-------- DATA TO USE
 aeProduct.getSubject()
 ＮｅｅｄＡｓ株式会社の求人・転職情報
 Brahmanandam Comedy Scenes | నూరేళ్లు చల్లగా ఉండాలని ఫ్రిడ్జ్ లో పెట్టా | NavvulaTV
----------------
-------- DATA TO USE
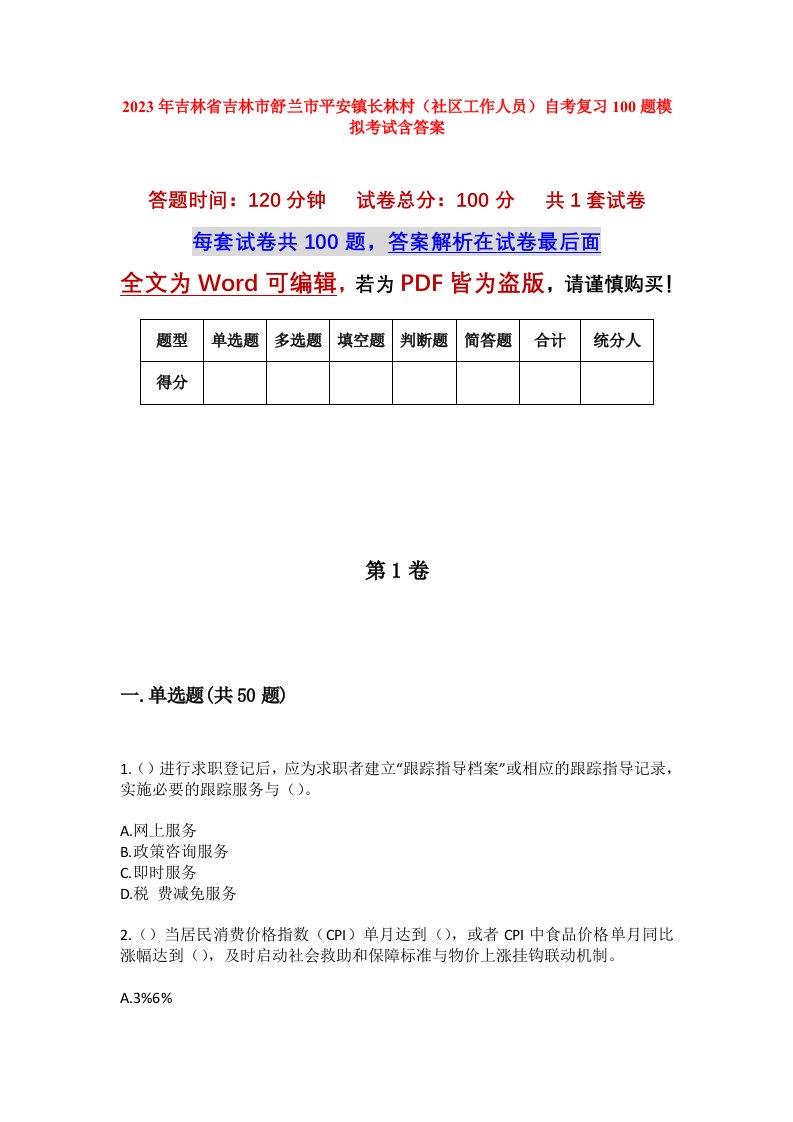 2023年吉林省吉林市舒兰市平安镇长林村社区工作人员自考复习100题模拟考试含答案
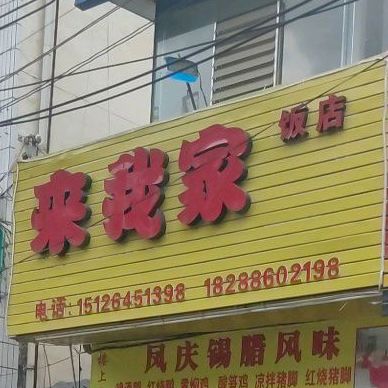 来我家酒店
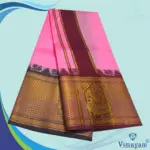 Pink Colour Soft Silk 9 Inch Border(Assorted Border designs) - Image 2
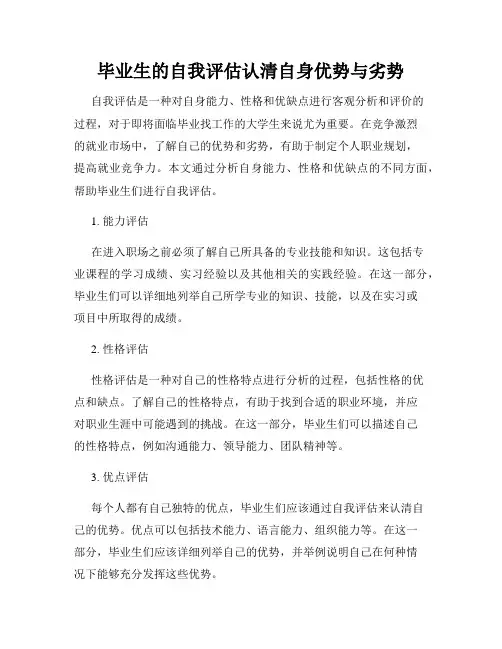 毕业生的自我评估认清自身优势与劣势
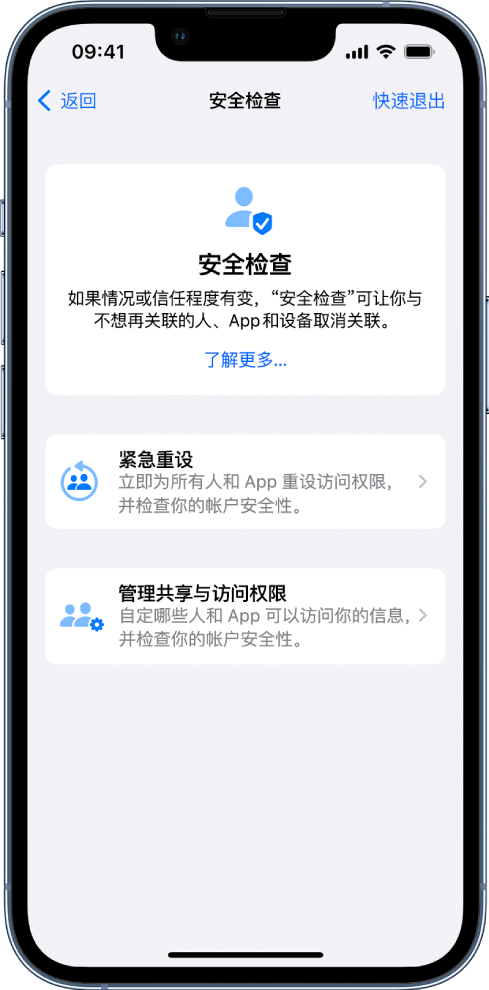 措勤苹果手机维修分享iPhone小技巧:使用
----------------
-------- DATA TO USE
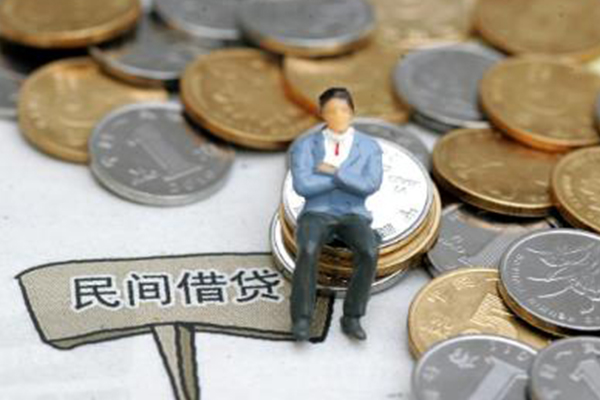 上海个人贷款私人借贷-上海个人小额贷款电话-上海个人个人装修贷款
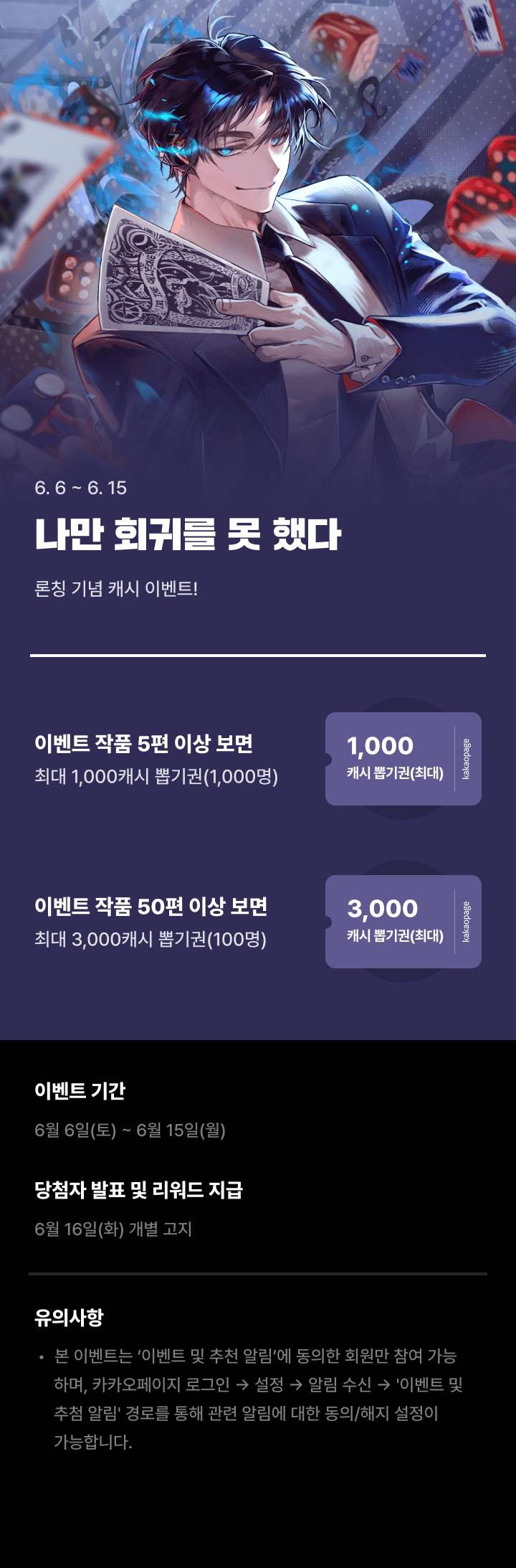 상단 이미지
----------------
From the material above, set down exactly the lines between the line holding "aeProduct.getSubject()" and the line holding "Brahmanandam Comedy Scenes", inclusive. Include nothing else.

 aeProduct.getSubject()
 ＮｅｅｄＡｓ株式会社の求人・転職情報
 Brahmanandam Comedy Scenes | నూరేళ్లు చల్లగా ఉండాలని ఫ్రిడ్జ్ లో పెట్టా | NavvulaTV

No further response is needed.